Model loaded successfully!



/tmp/ipykernel_3077550/2921699216.py:17: UserWarning: Frontend on chip uses 16 filters. Using a different amount of neurons 13 is allowed but not respecting the chip constraints.
  self.frontend_syn = Frontend(


Original model accuracy: 89.1%
Loaded model accuracy:   89.1%

Match: True ✓

7. Hardware Power Consumption Analysis

One of the key advantages of HWLayer is the ability to estimate power consumption for hardware deployment using the built-in get_chip_consumption() function.

Power Model

The Neuronova chip power consumption consists of two components:

Static Power:
- Always consumed when chip is used
- Dominates in low-activity scenarios
Dynamic Power: Energy per spike
- Only consumed when neurons fire
- Proportional to spike rate

Total Power = (Static Power × # Neurons) + (Dynamic Power from all spikes)

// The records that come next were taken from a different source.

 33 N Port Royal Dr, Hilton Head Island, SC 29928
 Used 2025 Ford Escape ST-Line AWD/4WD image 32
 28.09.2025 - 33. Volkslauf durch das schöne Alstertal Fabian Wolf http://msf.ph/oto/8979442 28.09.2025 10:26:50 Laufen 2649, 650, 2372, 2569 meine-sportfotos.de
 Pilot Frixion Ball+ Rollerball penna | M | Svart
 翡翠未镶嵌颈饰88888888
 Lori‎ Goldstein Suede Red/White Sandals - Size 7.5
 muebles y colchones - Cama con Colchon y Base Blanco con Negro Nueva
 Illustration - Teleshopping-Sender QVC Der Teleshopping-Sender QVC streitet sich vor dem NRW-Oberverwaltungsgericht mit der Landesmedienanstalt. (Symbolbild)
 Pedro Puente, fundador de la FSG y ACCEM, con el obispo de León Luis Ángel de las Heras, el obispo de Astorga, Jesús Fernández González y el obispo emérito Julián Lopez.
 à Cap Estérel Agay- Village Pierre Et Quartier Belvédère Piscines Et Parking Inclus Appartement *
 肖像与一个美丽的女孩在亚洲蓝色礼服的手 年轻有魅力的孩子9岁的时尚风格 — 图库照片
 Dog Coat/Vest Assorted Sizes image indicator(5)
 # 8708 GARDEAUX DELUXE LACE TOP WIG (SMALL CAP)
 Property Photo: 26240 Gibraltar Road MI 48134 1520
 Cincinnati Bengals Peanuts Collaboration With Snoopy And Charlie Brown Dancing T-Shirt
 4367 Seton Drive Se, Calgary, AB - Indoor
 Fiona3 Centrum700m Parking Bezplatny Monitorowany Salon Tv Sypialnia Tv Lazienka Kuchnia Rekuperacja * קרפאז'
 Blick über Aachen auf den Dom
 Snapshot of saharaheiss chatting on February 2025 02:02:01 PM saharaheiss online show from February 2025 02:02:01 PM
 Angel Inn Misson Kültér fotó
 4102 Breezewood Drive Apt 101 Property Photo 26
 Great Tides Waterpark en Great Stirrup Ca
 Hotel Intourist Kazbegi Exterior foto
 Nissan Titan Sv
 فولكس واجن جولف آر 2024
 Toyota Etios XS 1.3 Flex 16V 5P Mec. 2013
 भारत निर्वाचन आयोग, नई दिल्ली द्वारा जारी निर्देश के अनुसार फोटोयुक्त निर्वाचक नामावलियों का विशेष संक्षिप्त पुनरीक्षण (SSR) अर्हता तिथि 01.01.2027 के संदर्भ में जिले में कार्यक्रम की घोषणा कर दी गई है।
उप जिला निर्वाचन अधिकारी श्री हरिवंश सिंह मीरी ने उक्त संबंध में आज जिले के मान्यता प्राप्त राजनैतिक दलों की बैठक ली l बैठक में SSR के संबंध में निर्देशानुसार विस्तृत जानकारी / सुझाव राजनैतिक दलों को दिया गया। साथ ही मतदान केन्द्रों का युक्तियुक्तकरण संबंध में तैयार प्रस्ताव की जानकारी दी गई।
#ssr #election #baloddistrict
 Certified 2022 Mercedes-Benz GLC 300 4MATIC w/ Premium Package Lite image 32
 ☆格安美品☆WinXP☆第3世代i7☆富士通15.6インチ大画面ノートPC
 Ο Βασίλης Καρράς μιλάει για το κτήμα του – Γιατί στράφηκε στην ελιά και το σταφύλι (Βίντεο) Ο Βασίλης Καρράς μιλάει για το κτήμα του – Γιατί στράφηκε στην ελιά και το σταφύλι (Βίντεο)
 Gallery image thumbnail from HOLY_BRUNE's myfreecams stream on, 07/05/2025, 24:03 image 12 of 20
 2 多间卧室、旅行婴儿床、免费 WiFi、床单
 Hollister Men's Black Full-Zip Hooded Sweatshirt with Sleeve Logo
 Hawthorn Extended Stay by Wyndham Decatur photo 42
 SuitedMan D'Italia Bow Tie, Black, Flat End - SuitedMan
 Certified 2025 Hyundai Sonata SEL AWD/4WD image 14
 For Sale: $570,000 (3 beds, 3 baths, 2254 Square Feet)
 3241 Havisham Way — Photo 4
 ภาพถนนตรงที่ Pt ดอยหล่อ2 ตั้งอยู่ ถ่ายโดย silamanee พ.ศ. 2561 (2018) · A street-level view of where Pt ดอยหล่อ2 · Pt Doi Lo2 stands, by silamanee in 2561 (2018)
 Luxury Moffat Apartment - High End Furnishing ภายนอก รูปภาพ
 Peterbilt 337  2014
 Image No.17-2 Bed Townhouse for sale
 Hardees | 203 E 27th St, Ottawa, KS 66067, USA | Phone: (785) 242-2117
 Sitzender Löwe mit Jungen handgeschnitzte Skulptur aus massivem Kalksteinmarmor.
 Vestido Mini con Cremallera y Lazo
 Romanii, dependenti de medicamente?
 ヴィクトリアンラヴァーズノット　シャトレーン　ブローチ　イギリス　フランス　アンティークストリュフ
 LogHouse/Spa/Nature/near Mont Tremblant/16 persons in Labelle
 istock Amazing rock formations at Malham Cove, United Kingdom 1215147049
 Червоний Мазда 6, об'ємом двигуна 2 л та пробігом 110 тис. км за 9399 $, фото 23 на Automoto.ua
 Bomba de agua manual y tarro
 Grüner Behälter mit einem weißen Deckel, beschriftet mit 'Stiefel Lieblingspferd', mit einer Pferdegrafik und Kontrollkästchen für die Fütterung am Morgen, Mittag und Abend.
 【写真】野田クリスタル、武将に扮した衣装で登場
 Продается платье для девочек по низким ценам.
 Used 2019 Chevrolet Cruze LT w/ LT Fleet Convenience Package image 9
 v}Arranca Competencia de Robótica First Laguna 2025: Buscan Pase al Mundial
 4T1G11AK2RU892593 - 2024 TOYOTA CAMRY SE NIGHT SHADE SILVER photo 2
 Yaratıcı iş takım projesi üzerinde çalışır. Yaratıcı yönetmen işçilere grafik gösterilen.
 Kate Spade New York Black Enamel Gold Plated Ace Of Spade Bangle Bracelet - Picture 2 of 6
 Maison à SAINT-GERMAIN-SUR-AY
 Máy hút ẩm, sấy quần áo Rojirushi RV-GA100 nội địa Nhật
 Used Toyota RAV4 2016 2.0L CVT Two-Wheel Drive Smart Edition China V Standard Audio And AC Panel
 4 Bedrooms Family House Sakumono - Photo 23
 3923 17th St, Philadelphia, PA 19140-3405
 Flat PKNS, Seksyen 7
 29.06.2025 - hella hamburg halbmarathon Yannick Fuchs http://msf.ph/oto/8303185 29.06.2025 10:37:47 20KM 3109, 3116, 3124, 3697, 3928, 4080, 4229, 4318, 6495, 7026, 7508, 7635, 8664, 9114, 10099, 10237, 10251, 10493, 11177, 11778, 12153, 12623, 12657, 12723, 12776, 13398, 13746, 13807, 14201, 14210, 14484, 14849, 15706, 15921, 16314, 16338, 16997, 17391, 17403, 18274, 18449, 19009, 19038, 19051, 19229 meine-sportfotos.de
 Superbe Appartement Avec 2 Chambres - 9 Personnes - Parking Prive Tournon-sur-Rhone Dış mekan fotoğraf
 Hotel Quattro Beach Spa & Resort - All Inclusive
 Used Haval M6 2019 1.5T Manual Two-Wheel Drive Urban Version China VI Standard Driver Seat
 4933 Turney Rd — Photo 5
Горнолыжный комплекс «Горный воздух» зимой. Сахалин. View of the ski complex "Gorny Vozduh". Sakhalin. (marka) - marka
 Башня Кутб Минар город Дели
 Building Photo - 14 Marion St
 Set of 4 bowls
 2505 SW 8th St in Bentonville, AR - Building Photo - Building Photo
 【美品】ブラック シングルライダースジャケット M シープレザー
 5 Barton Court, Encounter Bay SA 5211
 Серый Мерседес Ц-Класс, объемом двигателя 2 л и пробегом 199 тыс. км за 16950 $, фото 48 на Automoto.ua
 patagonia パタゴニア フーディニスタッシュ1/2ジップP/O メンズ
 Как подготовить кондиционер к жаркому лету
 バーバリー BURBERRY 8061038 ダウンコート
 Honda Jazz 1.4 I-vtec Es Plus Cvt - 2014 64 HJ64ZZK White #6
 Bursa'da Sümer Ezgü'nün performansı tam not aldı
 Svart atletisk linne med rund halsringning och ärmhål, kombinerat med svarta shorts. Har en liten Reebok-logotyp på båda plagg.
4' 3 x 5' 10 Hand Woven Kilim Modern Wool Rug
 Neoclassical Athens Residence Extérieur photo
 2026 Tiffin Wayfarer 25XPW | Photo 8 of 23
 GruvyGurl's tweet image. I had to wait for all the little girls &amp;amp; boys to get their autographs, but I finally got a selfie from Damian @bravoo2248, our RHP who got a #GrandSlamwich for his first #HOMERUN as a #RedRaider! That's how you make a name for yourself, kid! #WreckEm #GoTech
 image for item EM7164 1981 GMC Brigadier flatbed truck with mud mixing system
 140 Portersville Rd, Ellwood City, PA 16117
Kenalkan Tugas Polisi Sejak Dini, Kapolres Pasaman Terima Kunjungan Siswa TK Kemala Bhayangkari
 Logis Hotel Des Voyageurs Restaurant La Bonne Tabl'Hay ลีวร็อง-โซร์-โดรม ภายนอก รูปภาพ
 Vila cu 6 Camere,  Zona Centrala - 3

This event-driven power model is why SNNs are extremely energy-efficient compared to traditional ANNs.

# Run inference and collect spike data for power analysis
model.eval()
all_spk_hidden = []
all_spk_output = []

with torch.no_grad():
    for specs, labels, fn in val_loader:
        specs = specs.to(device)
        spk_frontend = frontend(specs)
        spk_output = core_net(spk_frontend)
        all_spk_hidden.append(core_net.spk_hidden_trace)
        all_spk_output.append(spk_output)

all_spk_hidden = torch.cat(all_spk_hidden, dim=0)
all_spk_output = torch.cat(all_spk_output, dim=0)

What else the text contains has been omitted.